Chris Fields cjfields at illinois.edu
Fri May 8 13:45:09 EDT 2009

On May 7, 2009, at 6:25 PM, Jason Stajich wrote:

> It parses from a stream or file, one sequence at a time so it only  
> reads a single sequence out at a time, but it does have to parse  
> that whole sequence record which is where feature rich sequences  
> might be causing problems.
> I think per your other mention of Tie::File - the whole file is not  
> going into memory so that is not the problem, it is the creation of  
> many objects that it does as it parses the sequence that is likely  
> the problem.  It will read up to the first "//" from that Tie::File  
> anyways, that becomes an entire string which is then parsed to pull  
> out the relevant features so you don't gain anything with Tie::File  
> -- what would be the way to solve it is if the objects could be  
> created and reside in a DB on disk rather than in-memory.  I'd  
> really enjoy seeing more indexed and hashed data to objects stored  
> on disk when mem requirements are such so that very large datasets  
> can be handled more nimbly.

Or maybe implement some lazy iterator-based methods.  We have brought  
up the subject of the SwissKnife modules here before...

> I think there have been several attempts to simplify, but it  
> basically means a dedicated developer to really overhaul or map to a  
> new system.  What we've tried to build is a decent API so a new  
> implementation can be done without affecting the 'next_seq' and  
> 'write_seq' API.
> Non-withstanding the seemed API confusion caused by _ancient_  
> decisions on giving function names of Bio::SeqFeatureI 'seq' and  
> Bio::PrimarySeq 'seq' which return different types -- don't forget  
> that Lincoln's Bio::DB::Fasta uses the 'seq' method to return a  
> sequence as a string as well so major API changes in general here  
> will create in all likelihood a big split between the branches that  
> will make any new Bioperl not match up well with existing scripts or  
> libraries that use it - hence the reason for no "great realigning"  
> to a completely well-planned out API rather than the organically  
> grown whims of several generations of devs.  I say this in jest a  
> bit - I do want to see changes, but I think it really will have to  
> be called something else besides BioPerl to avoid confusion and the  
> fact that a lot of things will break that depend on the current  
> APIs.  BioPerl2 or something indicating a Perl6 association.
> -jason

Just thought of this: doesn't the feature iterator in  
Bio::DB::SeqFeature::Store use next_seq for features?  Yikes...
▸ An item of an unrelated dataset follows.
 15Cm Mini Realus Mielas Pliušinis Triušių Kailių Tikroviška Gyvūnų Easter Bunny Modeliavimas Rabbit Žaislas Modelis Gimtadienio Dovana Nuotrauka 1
Anyway, I think if we set a decent enough deprecation schedule, users  
would adjust, but that's generally for small changes.

Dramatic large-scale changes (such as Moose integration and conversion  
of interfaces to roles) should be done in a separate project.   
Similarly, as mentioned before, perl6 is a different (yet related)  
beast to perl5, and so a bioperl-related project using perl6 shouldn't  
be called BioPerl 2.0.

The nice aspect of this: we can take what we like from BioPerl now and  
refactor it for either project, along the way making sure only the  
most critical modules get in.